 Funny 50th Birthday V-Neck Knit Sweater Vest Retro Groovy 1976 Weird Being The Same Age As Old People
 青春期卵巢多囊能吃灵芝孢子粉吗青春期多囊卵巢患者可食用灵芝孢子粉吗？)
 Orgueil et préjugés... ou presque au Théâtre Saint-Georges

==============================

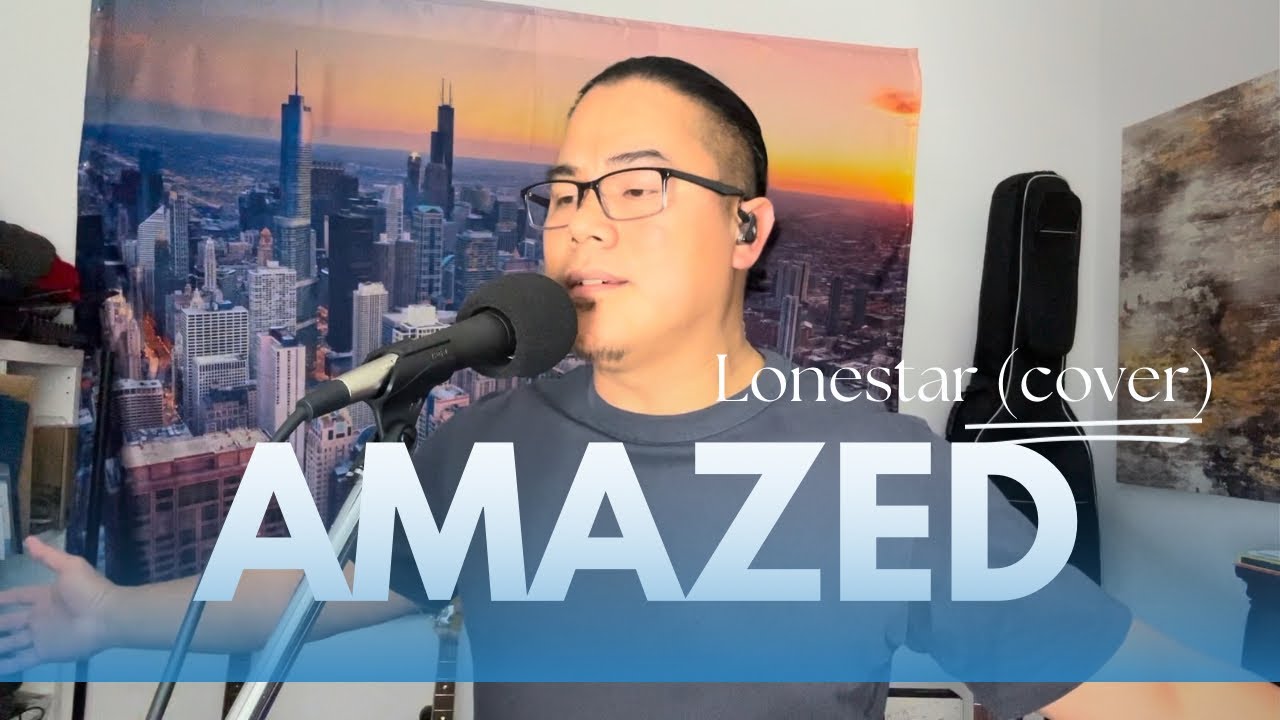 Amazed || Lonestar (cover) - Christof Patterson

==============================

» **ACTIVITY**
Exact duplication is required for the lines above, from the line that contains "青春期卵巢多囊能吃灵芝孢子粉吗青春期多囊卵巢患者可食用灵芝孢子粉吗？)" to the line that contains "Orgueil et préjugés...", inclusive; omit all others.

» **SOLUTION FOR THIS TASK**
 青春期卵巢多囊能吃灵芝孢子粉吗青春期多囊卵巢患者可食用灵芝孢子粉吗？)
 Orgueil et préjugés... ou presque au Théâtre Saint-Georges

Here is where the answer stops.